The top-heaviest league of all time

A reader named Jack wondered if the 1954 American League, the year of my Near-miss league New York Yankees team, was the most top-heavy league year of all time.

“Indians won 111, Yankees 103 and the White Sox 94 … the same total as their ’59 pennant winners but 17 behind in ’54. Then it was about a 25-game drop to the other five,” he wrote.

Exactly 25 games, in fact, to the 69-win Boston Red Sox, who finished 42 games out.

I responded that it was a good question, and if I were ever laid up with a broken leg or something I’d research it. Well, I overestimated how difficult it would be to research that question, which means I underestimated the usefulness of Baseball-Reference.com, which at this point in history there’s no excuse for doing.

So I looked into it. Now, I don’t know how to define the most top-heavy league, but let’s use Jack’s rough definition, the best combined record of the top three teams. The ’54 Indians, Yankees and White Sox combined to go 308-154, which for the mathematically sharp-eyed among you is easy to spot as a .667 winning percentage.

According to my research — a word about the research: I was sober and reasonably careful, but let’s not go betting the house on the results, OK? — those 308 wins were the most by any three teams in one league in one year between 1901 and 1968, which covers the so-called modern period before the advent of divisions. Even when the schedule expanded from 154 games to 162, in 1961 in the American League and ’62 in the National, no three teams ever combined to win 308 games.

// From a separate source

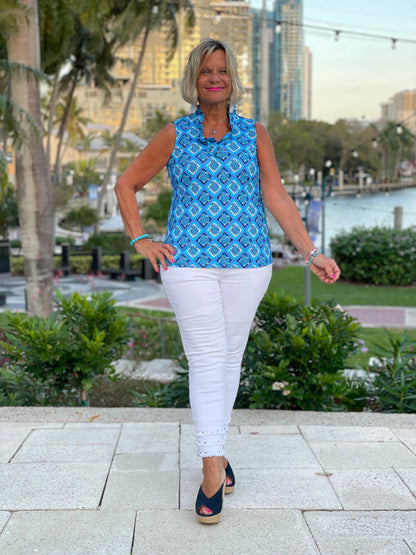 BAHAMA BLUE TURTLE SLEEVELESS RUFFLE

Dividing the league into divisions, which happened in 1969, presented a different enough picture that I didn’t include that period in this survey. I mean, if one team in each of the West, Central and East combined to win 315 games, it wouldn’t feel like a top-heavy league. It would just feel like a series of one-sided division races.

But while 308 wins was the most by any trio, by winning percentage, the 1954 A.L. was only the third most top-heavy league in the period. The most top-heavy by that reckoning was the 1909 National League. The top three teams that year were Pittsburgh, with 110 wins, the Cubs with 104 and the New York Giants with 92. That’s only 306 wins, but for some reason the league schedule was only 153 games that year, not 154. And the Pirates had a rained out game they never made up. So the overall record of those three teams was 306-152, a winning percentage of .668.

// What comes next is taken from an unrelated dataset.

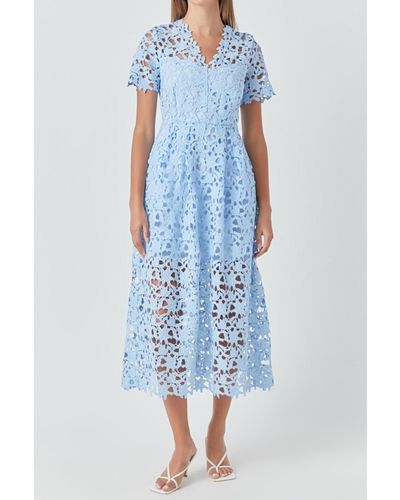 Endless Rose All Over Lace Short Sleeves Midi Dress - Blue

The drop from the third-place Giants to the fourth-place Cincinnati Reds was only 15 games. The lopsidedness wasn’t spread as evenly as it would be in the 1954 A.L. The bottom three teams, Brooklyn, St. Louis and Boston, lost 98, 98 and 108 games respectively.

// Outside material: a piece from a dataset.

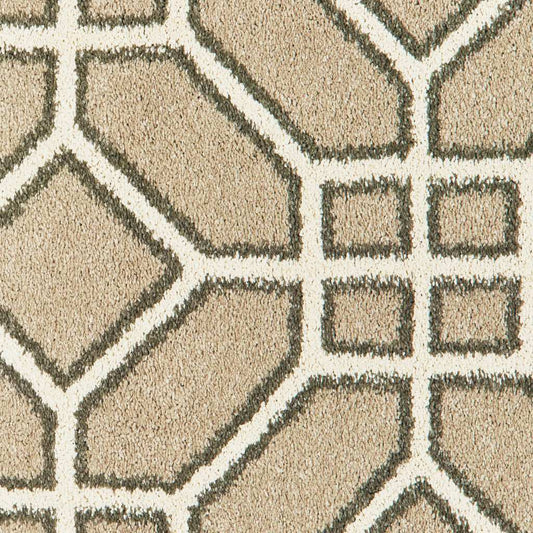 10' X 13' Sand And Ivory Geometric Power Loom Stain Resistant Area Rug - Homeroots - Flyclothing LLC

The top three in the N.L. in 1906 also had a better combined winning percentage than the ’54 A.L.’s top three — barely. But that’s a little misleading — a little like saying that King Kelly and I are the highest-scoring pair of guys named King in history with a combined 1,357 runs.

There was nothing special about the second- and third-place teams that year. The Giants won 96 games and the Pirates 93. But the Cubs were the winningest regular-season team ever, going an astounding 116-36, the only major league team to ever win three-fourths of its games. They won the league by 20 games — over a team that won 96.

Anyway, the combined 305 wins in, again, a 153-game schedule, with both the Cubs and Giants having one unplayed game, meant an overall record of 305-152, a winning percentage of .667. But that was better than 1954, because it was .6673, while the ’54 A.L. teams combined to go .6666.

So, by this measure anyway, the combined winning percentage of the top three teams, the 1954 American League was the third most top-heavy league in history, behind only the 1909 and 1906 National League. It was certainly the most top-heavy that anyone now living can remember. But if you measured it a different way — say, the distance between third place and fourth — you’d get a different answer.

By the way, the best third-place team I found in my little survey — and it only might be the best I noticed, not the actual best — was the 1962 Reds, who won 98 games but trailed both the Giants and Dodgers. They both won 101, then the Giants won two of three in a playoff.

Meanwhile, my ’54 Yankees just lost two out of three to the ’25 Washington Senators. We’re 7-5, one game behind the 2008 Red Sox. Next up, three at the 1977 Kansas City Royals, then back home to the Bronx for a four-game weekend set — we’re up to the last weekend of April — against the 2007 Cleveland Indians.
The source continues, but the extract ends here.